Consumer Choice, Consumer Confusion

Recently, I needed to buy a new face moisturiser, as my old one had run out. I wasn't terribly thrilled with the old stuff, so I decided to go on the hunt for something new. And that's when the confusion set in.

While it's fantastic that companies have created separate lines to cater to their customers needs, often, it seems there's so little differentiation between them, or the difference is unclear, that I'm at a loss for what to buy. Take the face moisturiser. At what age am I supposed to 'graduate' into anti-aging? What's the difference between the blue line and the sport line? And when should I use balm, moisturiser, or cream? Just take a look at the biotherm homme line. There's anti-fatigue, anti-pollution, anti-age, dry, normal, goes on and on.

OK, maybe skincare is unique, since it's trying to target a problem. But then look at the CK men's underwear line. There are at least 5 lines of what appears to be the same product at similar price points. There's so little description that it's hard for me to know what the difference between 365, steel, and stretch underwear is, and what each of the benefits might be.

I'm not saying it's a problem per-se that there are so many lines, after all, we know that product segmentation works. But when the products are at similar price points, and are similar products, it can be difficult for consumers to know what to buy...and so they may end up simply going for the cheapest one. By creating "customisers," in websites, brands empower consumers to choose the best product for them, acting as a consultant in abstentia. Nivea has done this, and while it's not perfect, it's getting there. I would argue that the best kind of customiser would narrow the range down to a single product, to truly make the customer feel that this is the 'right' product for them.

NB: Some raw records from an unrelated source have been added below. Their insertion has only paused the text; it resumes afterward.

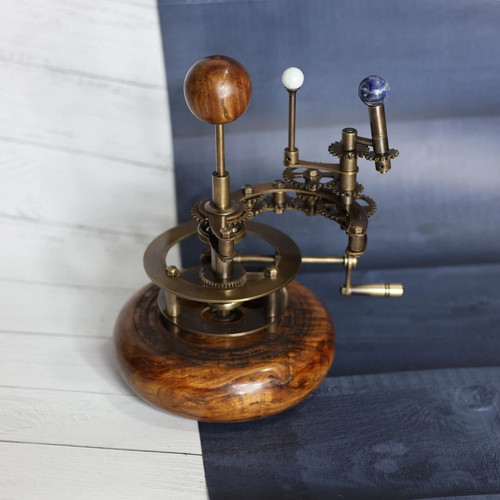 Astronomy planet model orrery - astronomy,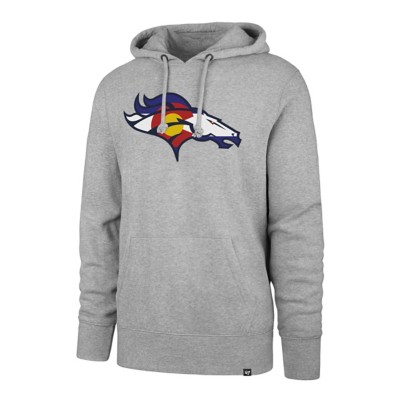 47 Brand Denver Broncos Hoodie - Navy - Small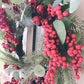Winter Red Berry Wreath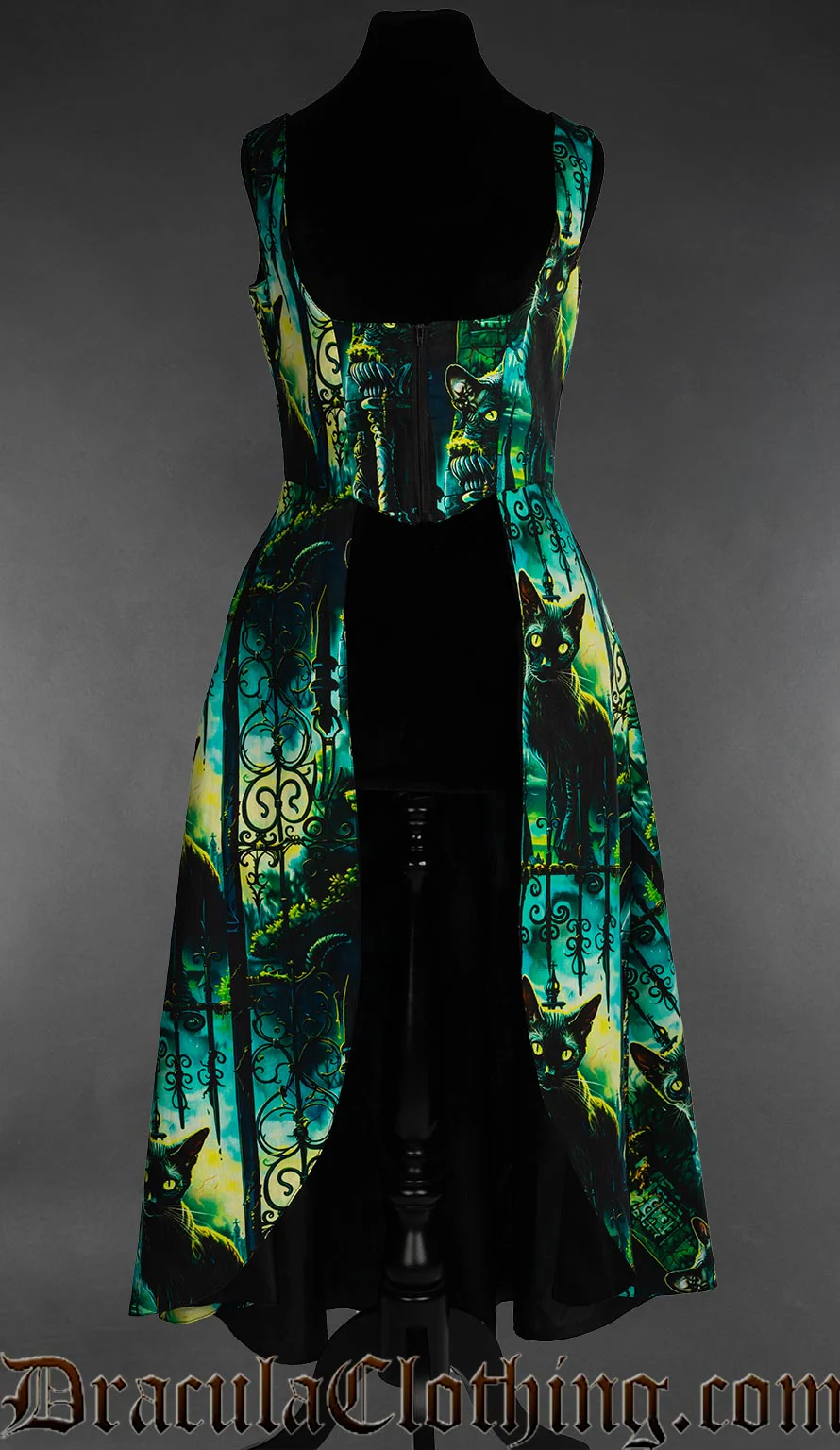 Graveyard Cats Jinx Dress - Image 2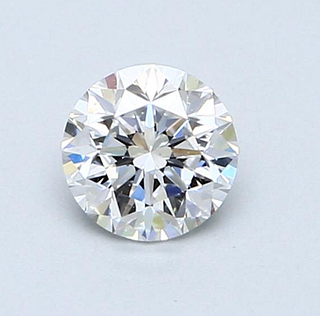 No Reserve GIA - Certified 0.88 CT Round Cut Loose Diamond D Color VS2 Clarity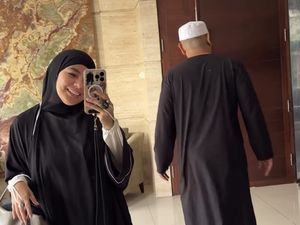 Meisya Siregar-Bebi Romeo Tiba di Rumah Usai Kena Imbas Konflik Iran-AS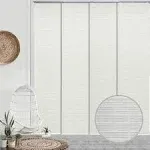 Godear Design Deluxe Adjustable Sliding Panel Track Blind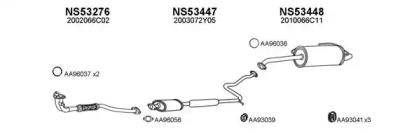 Veneporte 530134 Глушник вихлопних газів кінцевий Veneporte 530134 Глушник вихлопних газів кінцевий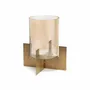 Candlesticks and candle holders - The Hurricane X - Gold - High - BAZAR BIZAR LIVING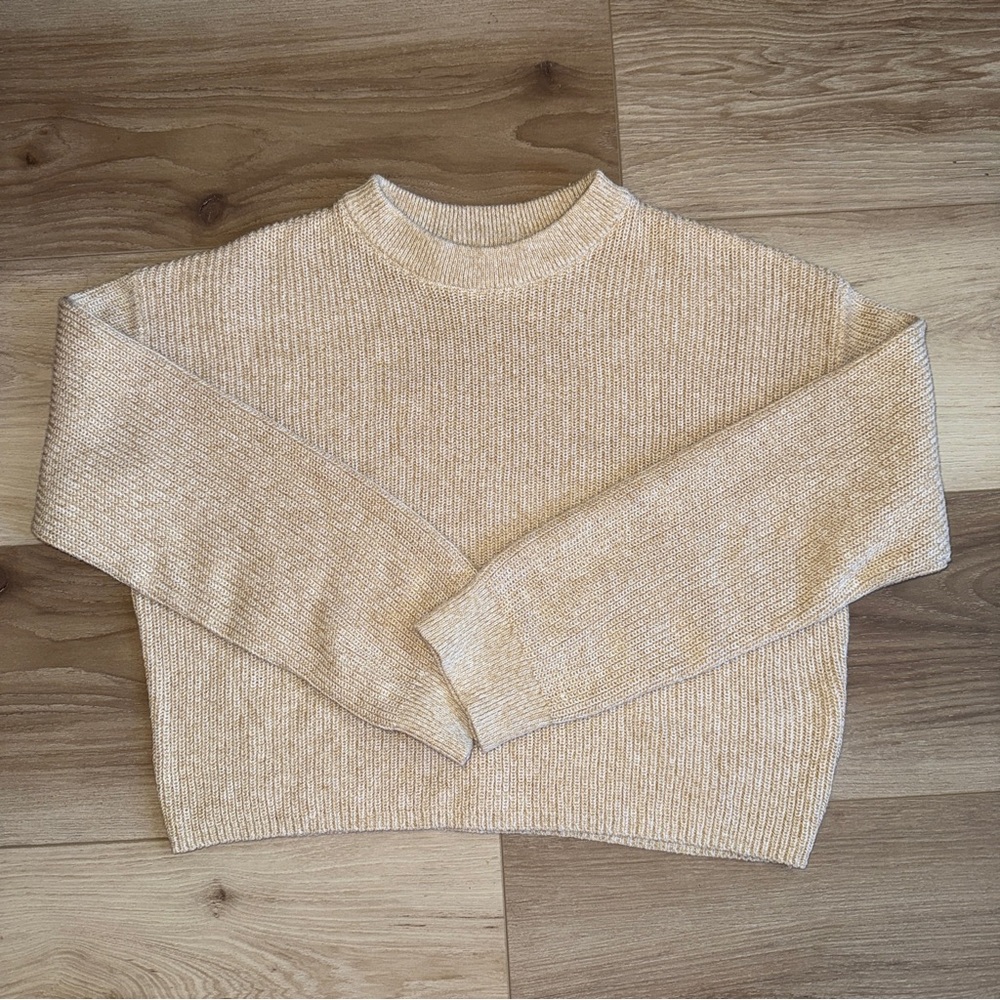 H&M Kids Beige Knit Sweater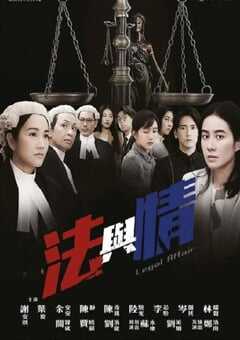2023年中国香港电视剧《法与情》全20集 4K网盘迅雷下载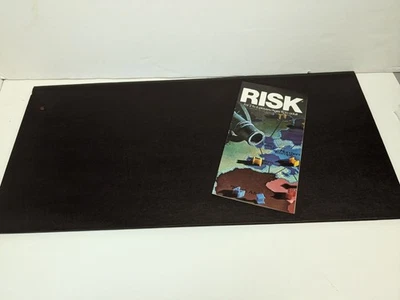 Risk 1980 настольная игра запасные части части инструкции и доска - Изображение 1 из 4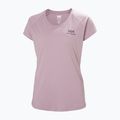 Tricou pentru femei Helly Hansen Nord Graphic Drop purple clay 4
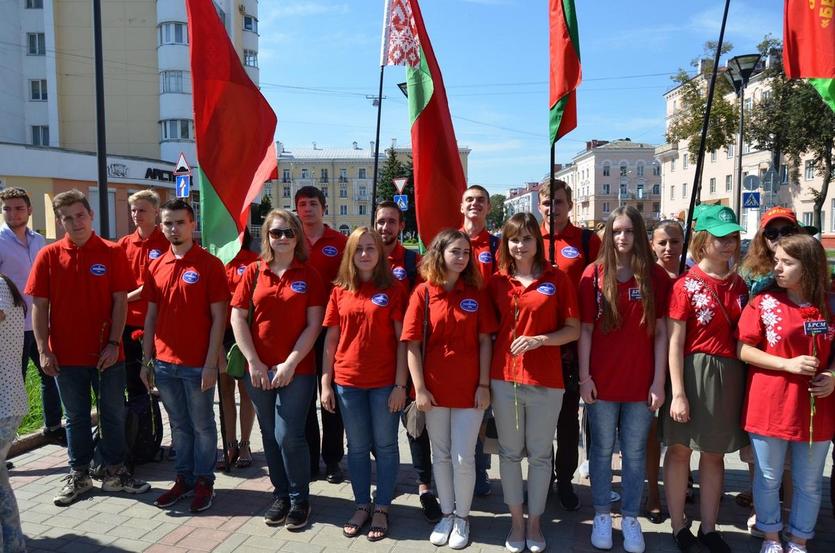 Студенты ГГТУ имени П.О.Сухого приняли участие в мероприятиях, приуроченных Дню белорусских студенческих отрядов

It amazes me that more personal goods companies haven't figured this out. For instance, how long would it take to make a customiser on the Brooks Brothers site that would help me figure out what tie I want? It could ask for the pattern of shirt (stripe, gingham, etc.), the size of the pattern (hairline, large check, mini-check, etc.) and the color(s) involved, and then suggest a couple of ties that would match. It's providing a service to your customer that keeps them coming back. Plus, it's fun.

Bottom line, if you've got a couple of lines in your product range, help us consumers out and put a customiser on your site.